**Problem requirements:**
The lines to copy run from the one containing "Load image into" to the last line of the entries; output those lines exactly and only them, without pictures.

**Data shown:**
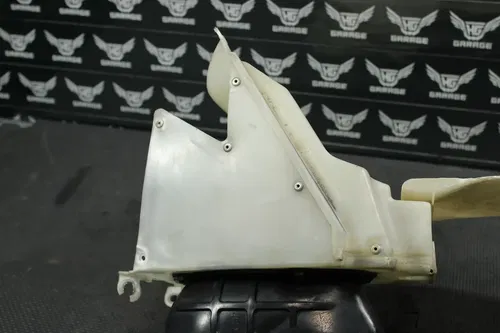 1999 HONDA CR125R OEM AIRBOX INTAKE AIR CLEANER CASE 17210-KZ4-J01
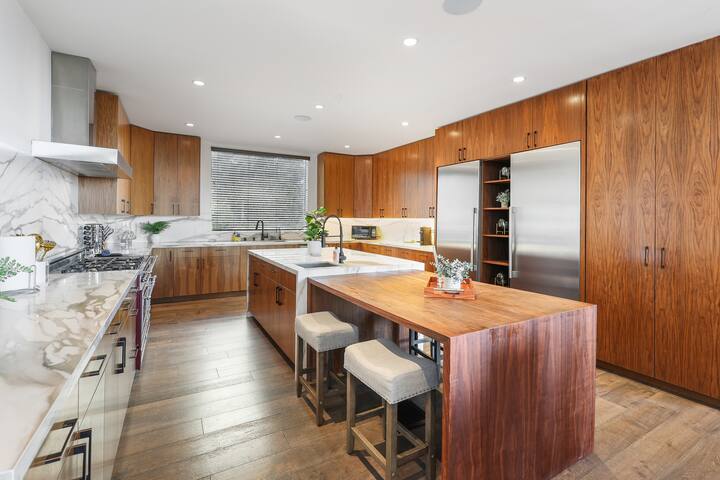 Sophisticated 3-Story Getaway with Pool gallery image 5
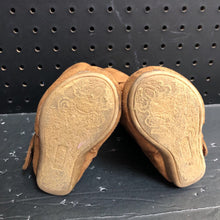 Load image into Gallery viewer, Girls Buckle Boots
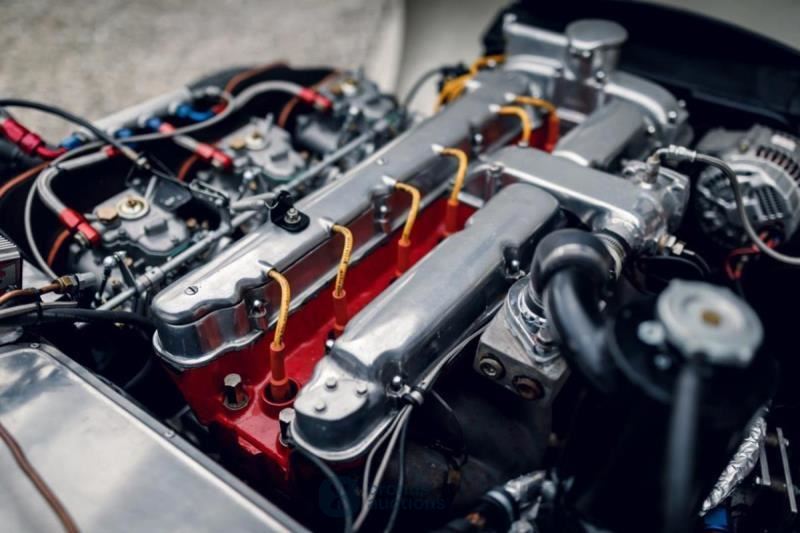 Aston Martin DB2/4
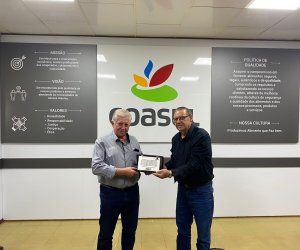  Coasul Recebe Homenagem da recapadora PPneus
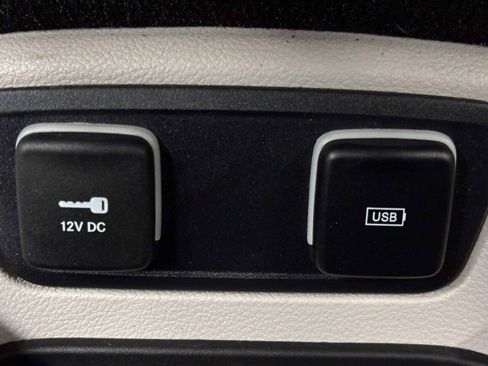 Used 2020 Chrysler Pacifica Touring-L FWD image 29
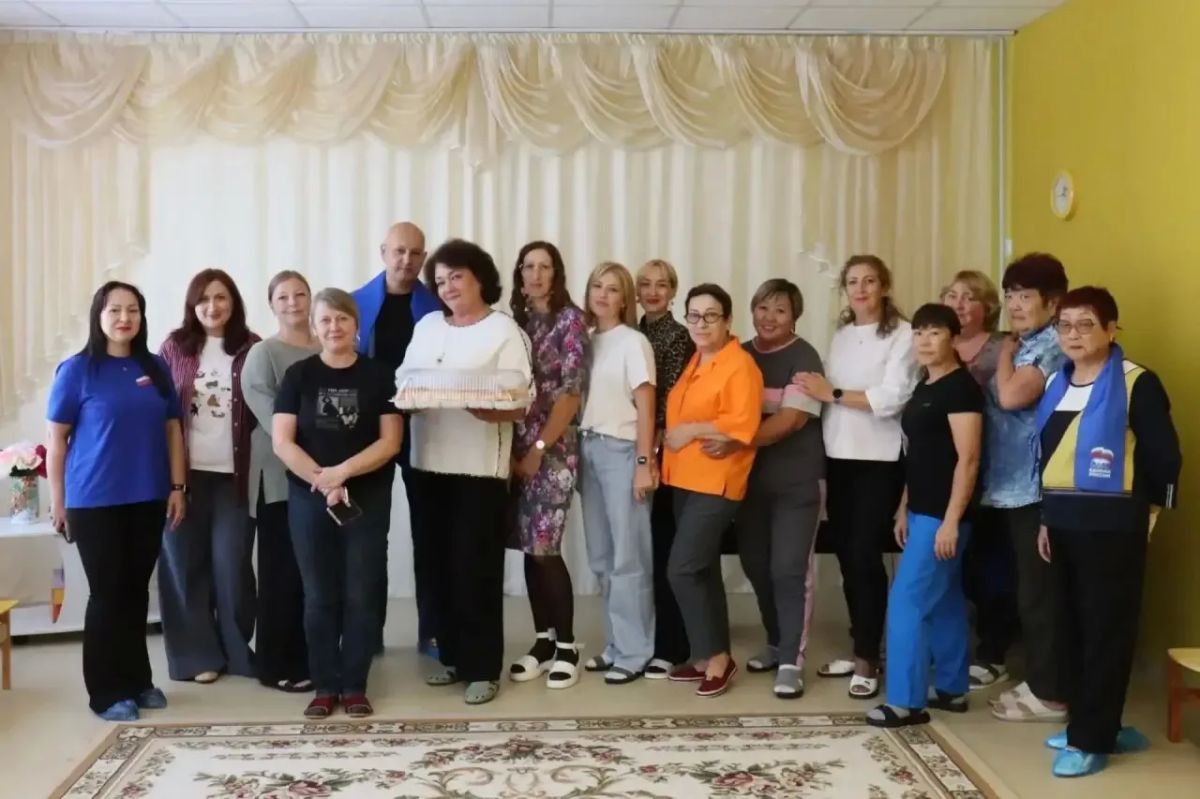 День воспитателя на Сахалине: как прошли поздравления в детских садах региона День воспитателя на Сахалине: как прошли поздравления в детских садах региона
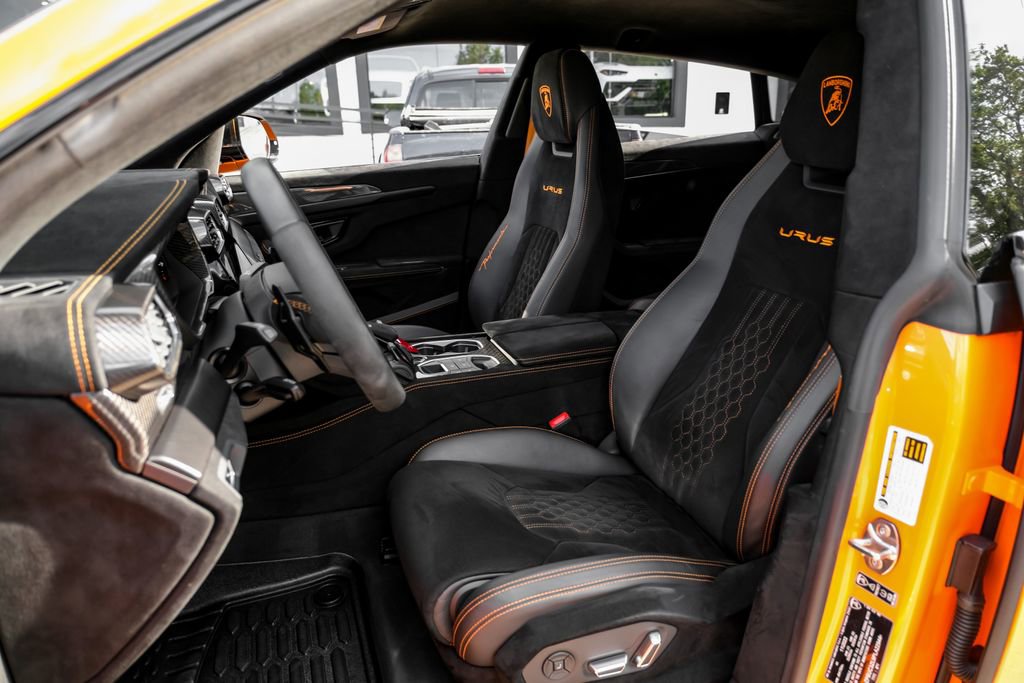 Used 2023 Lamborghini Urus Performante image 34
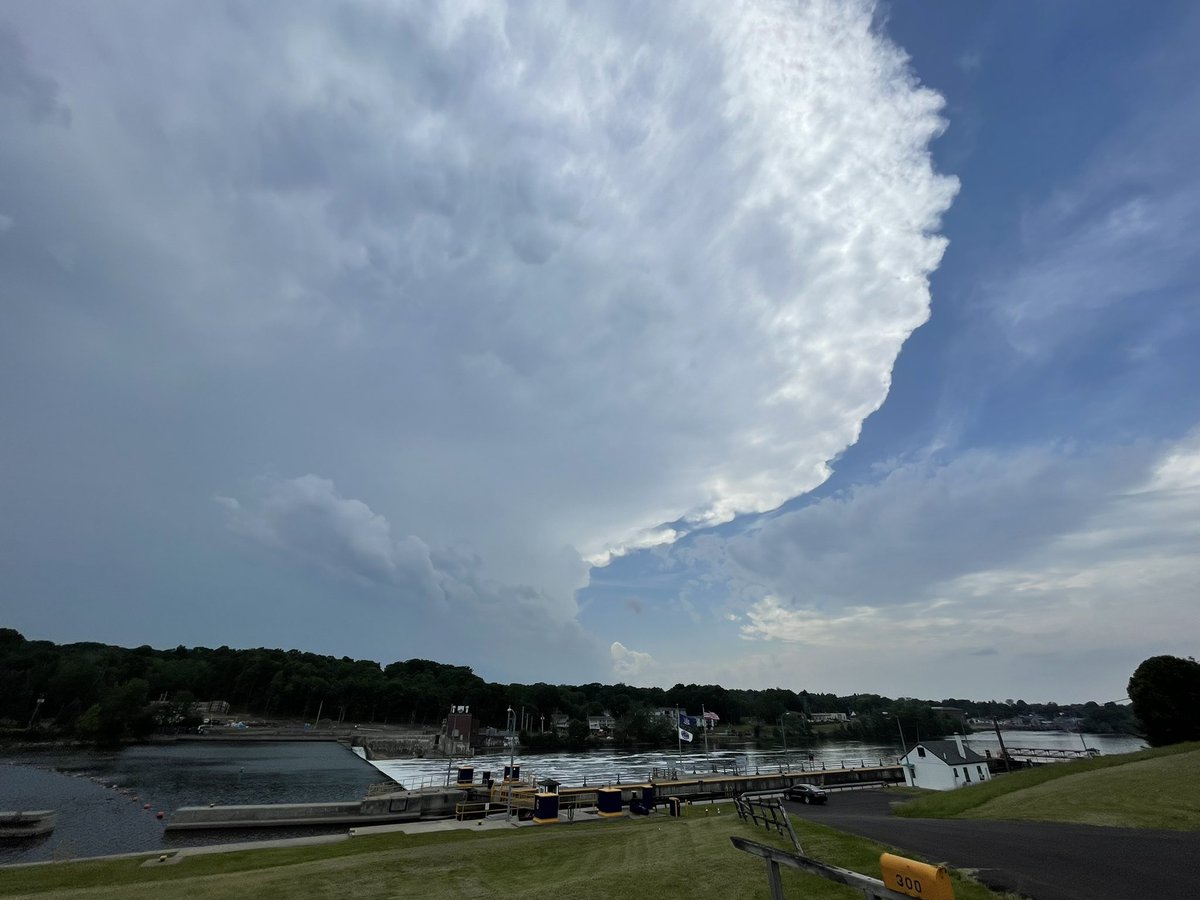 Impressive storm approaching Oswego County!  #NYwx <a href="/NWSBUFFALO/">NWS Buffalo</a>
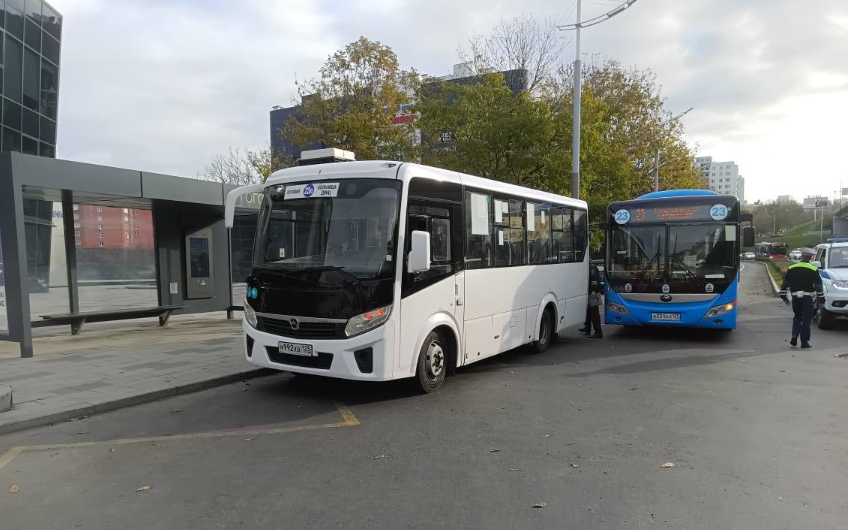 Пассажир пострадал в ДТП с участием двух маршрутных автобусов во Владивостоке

**Your solution:**
 Load image into Gallery viewer, Girls Buckle Boots
 Aston Martin DB2/4
  Coasul Recebe Homenagem da recapadora PPneus
 Used 2020 Chrysler Pacifica Touring-L FWD image 29
 День воспитателя на Сахалине: как прошли поздравления в детских садах региона День воспитателя на Сахалине: как прошли поздравления в детских садах региона
 Used 2023 Lamborghini Urus Performante image 34
 Impressive storm approaching Oswego County!  #NYwx <a href="/NWSBUFFALO/">NWS Buffalo</a>
 Пассажир пострадал в ДТП с участием двух маршрутных автобусов во Владивостоке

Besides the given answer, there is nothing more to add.